TASK GOAL |
The output is the lines below from the one with "SNB Professional Vitalisierungscreme" through the one with "Balenciaga Calfskin Logo", both included, printed exactly and with no other line.

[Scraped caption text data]
______

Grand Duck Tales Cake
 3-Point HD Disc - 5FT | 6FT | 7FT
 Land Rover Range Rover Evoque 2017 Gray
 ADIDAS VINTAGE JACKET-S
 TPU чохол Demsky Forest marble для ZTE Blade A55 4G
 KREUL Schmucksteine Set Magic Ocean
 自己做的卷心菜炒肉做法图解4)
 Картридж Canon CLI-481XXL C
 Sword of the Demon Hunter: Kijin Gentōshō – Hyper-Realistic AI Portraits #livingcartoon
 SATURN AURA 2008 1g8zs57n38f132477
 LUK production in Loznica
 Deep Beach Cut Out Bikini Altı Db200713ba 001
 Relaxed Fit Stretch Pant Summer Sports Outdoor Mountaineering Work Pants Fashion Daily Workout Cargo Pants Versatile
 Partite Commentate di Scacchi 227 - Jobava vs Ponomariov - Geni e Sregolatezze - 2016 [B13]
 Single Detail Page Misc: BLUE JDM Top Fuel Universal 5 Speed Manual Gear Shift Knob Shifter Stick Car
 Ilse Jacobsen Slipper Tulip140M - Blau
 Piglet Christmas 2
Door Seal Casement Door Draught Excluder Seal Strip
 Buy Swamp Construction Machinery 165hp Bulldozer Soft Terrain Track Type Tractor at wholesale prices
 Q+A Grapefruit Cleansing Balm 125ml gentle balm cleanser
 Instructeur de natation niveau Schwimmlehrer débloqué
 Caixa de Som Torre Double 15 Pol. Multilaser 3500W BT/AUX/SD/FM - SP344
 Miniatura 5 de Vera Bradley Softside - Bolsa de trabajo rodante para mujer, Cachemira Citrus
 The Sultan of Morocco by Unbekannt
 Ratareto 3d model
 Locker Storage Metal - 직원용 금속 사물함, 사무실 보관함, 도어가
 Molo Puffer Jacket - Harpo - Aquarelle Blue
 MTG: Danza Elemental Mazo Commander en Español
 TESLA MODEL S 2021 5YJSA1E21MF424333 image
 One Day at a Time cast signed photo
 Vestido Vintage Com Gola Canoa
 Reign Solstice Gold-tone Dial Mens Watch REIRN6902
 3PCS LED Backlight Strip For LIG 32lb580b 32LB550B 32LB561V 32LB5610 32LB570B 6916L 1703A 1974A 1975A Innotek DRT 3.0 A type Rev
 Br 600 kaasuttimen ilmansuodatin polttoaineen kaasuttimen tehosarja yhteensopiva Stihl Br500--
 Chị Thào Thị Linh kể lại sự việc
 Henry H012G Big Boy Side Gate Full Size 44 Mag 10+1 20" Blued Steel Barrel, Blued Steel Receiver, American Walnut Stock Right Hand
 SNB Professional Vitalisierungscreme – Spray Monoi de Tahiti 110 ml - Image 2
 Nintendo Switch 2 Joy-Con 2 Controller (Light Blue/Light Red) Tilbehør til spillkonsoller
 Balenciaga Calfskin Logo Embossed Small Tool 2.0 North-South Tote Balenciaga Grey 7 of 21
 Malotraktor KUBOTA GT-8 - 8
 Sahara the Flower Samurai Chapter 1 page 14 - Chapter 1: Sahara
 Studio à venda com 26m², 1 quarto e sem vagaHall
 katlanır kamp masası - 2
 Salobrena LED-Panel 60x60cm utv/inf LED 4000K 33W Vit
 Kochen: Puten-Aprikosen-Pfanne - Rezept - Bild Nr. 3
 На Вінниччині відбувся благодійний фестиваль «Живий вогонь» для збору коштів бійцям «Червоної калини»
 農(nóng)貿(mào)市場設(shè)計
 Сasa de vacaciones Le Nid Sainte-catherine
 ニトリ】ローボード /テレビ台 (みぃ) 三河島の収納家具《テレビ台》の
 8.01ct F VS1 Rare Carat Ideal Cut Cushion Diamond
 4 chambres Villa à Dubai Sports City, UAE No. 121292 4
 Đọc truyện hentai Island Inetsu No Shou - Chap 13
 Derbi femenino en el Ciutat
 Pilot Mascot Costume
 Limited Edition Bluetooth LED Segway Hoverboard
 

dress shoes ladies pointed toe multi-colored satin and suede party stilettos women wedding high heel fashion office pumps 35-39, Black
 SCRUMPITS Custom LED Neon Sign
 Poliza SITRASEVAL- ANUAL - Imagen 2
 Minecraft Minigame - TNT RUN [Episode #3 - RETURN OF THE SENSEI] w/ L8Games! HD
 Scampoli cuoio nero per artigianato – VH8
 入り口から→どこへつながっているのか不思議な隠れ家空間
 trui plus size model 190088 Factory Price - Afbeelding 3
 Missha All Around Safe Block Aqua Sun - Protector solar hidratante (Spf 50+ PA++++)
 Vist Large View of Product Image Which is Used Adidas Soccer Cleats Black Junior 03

______

RESPONSE BELOW |
 SNB Professional Vitalisierungscreme – Spray Monoi de Tahiti 110 ml - Image 2
 Nintendo Switch 2 Joy-Con 2 Controller (Light Blue/Light Red) Tilbehør til spillkonsoller
 Balenciaga Calfskin Logo Embossed Small Tool 2.0 North-South Tote Balenciaga Grey 7 of 21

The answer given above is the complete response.